Some will try to hide from them instead. And they will go to amazing lengths. Some will turn to alcohol or drugs to alter their reality. But it doesn’t even need to be as obvious as that. We can hide in good things too. We can hide in our devotion – in the time that we spend on an activity. Throwing ourselves whole heartedly into our work, into grange or FFA, into school or our families, even into the church. Whatever it takes, just so long as it keeps us occupied and doesn’t make us face those haunting wounds.

We cannot hope to cause the sort of transformation that we see in today’s text. We cannot expect that we will be able to do it on our own. That’s what we have tried to do for generations. We have tried to take the place of God, insisting like a stubborn 5 year old, “No! I can do it myself!”

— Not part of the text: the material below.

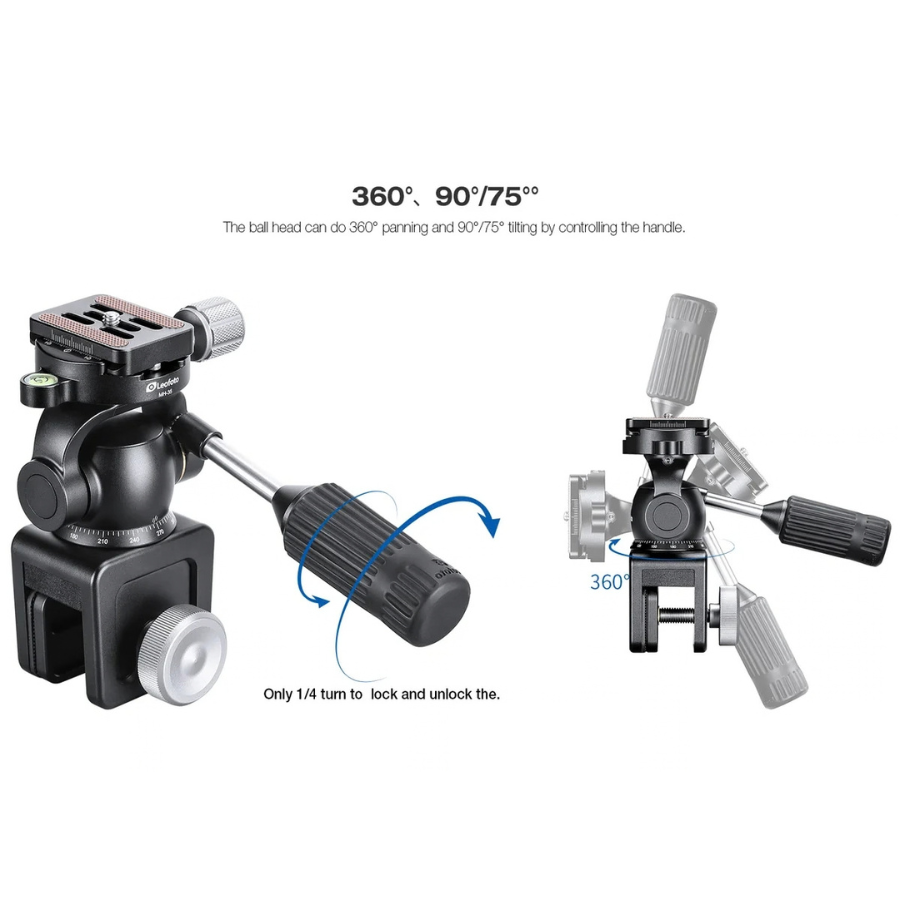 Leofoto SW-01 diagram showing the twist-lock handle, 360° panning and 90°/75° tilt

Struggle as we might, it is still there. Running doesn’t work. Hiding does not work. It only postpones the inevitable. The reality of our broken and sinful world is that there will be things that are just too big for us to handle. But that is exactly why this text is so commonly read at funerals, because it points to a profound and life changing promise. The home of God is among mortals. The home of God is here, in this place, in this time, with us. The Alpha and Omega, the beginning and the end, the one who formed the universe from nothingness, and will bring creation to completion – this God comes and makes his home with us. And when God comes, a new creation comes with him. Listen again to what John says about this new creation, “And I saw the holy city, the new Jerusalem, coming down out of heaven from God, prepared as a bride adorned for her husband. 3And I heard a loud voice from the throne saying, “See, the home of God is among mortals. He will dwell with them as their God; they will be his peoples, and God himself will be with them.”

Ultimately, my grief, my wounded-ness, or however you want to describe that part way down deep where we store the things that we do not want to deal with will be made new. Your grief, your wounded-ness will be made new. They will become one of those former things, those things that have passed away, the things that our resurrected savior is making new. Our God makes his home among mortals, among us. God is at work in us. Taking those pains, those griefs, and those tears and transforming them – wiping them away. Thanks be to God who makes all things new. Amen.